At age 18, Ty Stratton is the youngest participant in Pattern’s Street Expo and a rising designer in Indy’s fashion scene. As a high schooler Ty created his own brand, Appearel, encouraged by his family, friends, and teachers to pursue his passion and share his creations with the world. Launching Appearel was Ty’s way of embracing his identity and he hopes his clothing can inspire others to find theirs as well.
Christel Richard: Please describe the motive or message behind your brand.
Ty Stratton: The Midwest really doesn’t have a strong foothold in the fashion world. We usually take bits and pieces from places like LA or NYC, so what I’m trying to do is push and reinvent Midwest fashion through urban clothing. It’s not just clothing to me, it’s about not only reinventing the person but also strengthening what they already have, the characteristics that make them them. I want to keep that intact and have my brand to represent that.
CR: What prompted you to share this idea through your business?
TS: It was motivation and all the support that I have from family and friends. I’m only 18 years old so it was through my teachers in high school that set me up with opportunities. Most of my high school career I did not embrace my identity and I feel like as Appearel grew, so did I. So when teachers finally gave me the opportunity, like letting me work at my dream job, which is screenprinting, all of a sudden everything just fell in place. I realized that this is what I wanted to do; I wanted to give other people an outlet to let them make their own identity.
CR: What are some of the main challenges you face as an entrepreneur?

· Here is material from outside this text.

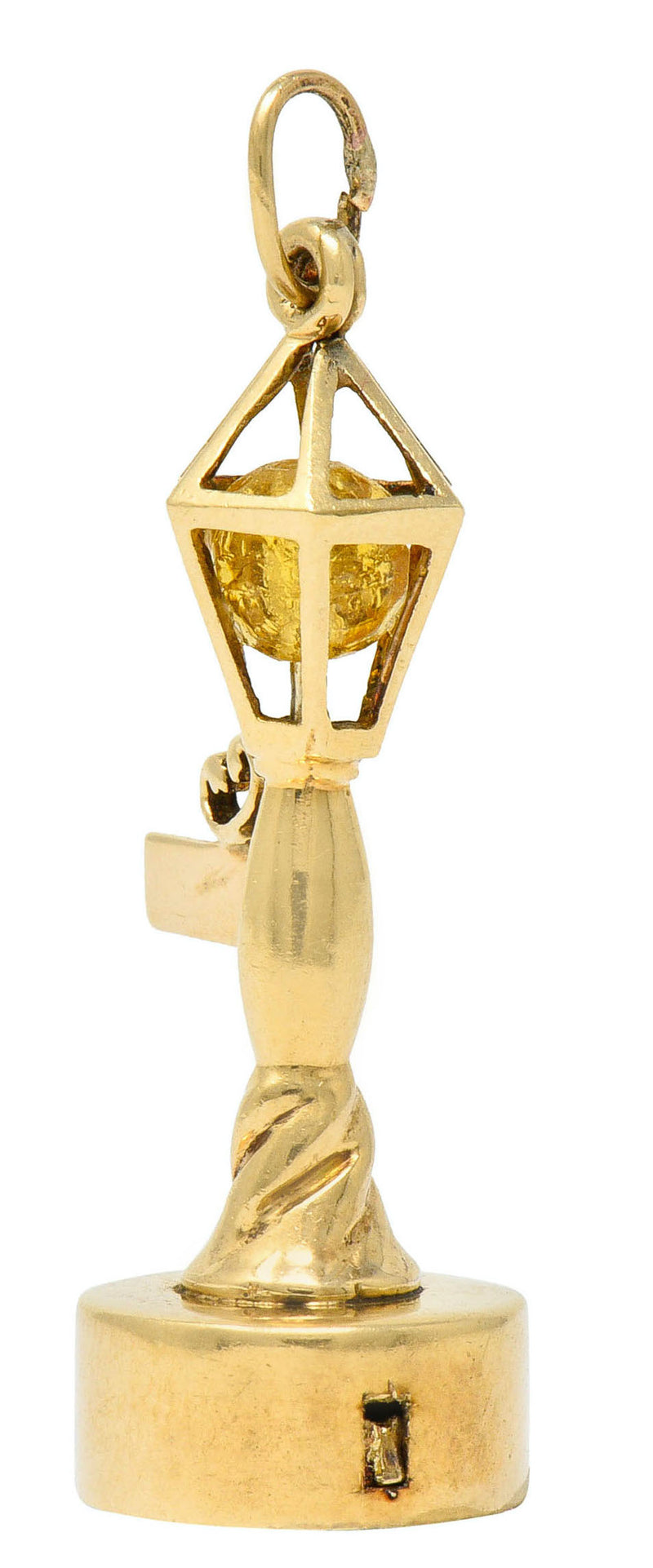 1960's Litacharm Inc. Vintage 14 Karat Gold Lamp Post Pendant Charmcharm - Wilson's Estate Jewelry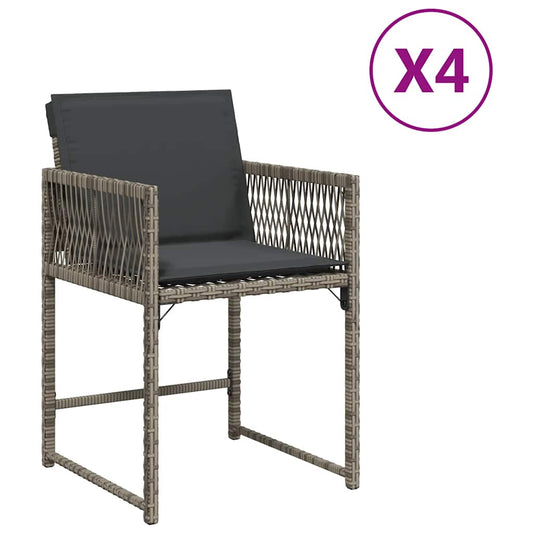 Garden Chairs with Cushions 4 pcs Grey Poly Rattan Garden Chairs with Cushions 4 pcs Grey Poly Rattan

TS: For me, it’s mostly age. It was kind of awkward at the beginning because I had all of these designs that were just me trying to find my own identity and no one was really latching onto that concept. I think at one point I almost gave up on it, and then one day one of my teachers looked at what I had for this project and he told me that I could actually make something of this. From that day till now I’ve been working extremely hard to get to this point. I’m dealing with college right now and moving out so even with all this stuff happening in my life, I want to be able to continue this once I go off to college.
CR: What is the biggest reward you experience as an entrepreneur?
TS: The biggest payoff is actually being able to see someone wear my stuff. It’s a very long process; you have to do design work, redesign, design again, check it, make sure that the material you are using is high quality, set up, etc. then finally you print and hope that it’s ok and you give that product to your customer. I remember the first week that I started doing this. I got enormous feedback from all my peers, they were walking down the hallway with my clothes on and just to be able to see that, see all my work and this thing that I had been working towards while walking down the hallway that was a “wow! I’m doing it” moment for me.
CR: What do you think Indianapolis can do to support more local brands?
TS: I think for the most part you should just encourage them. I didn’t actually even know there was a fashion scene in Indiana until Julia Rutland, she’s been an enormous help to me so far, came to my school. She’s pushed me to this point as well and it’s like without that connection I don’t think I would actually be where I am right now. I just think we need more awareness that there are people that enjoy the fashion scene in Indiana, we are here and we want you to share our work.
CR: Describe the kind of person who would wear your product?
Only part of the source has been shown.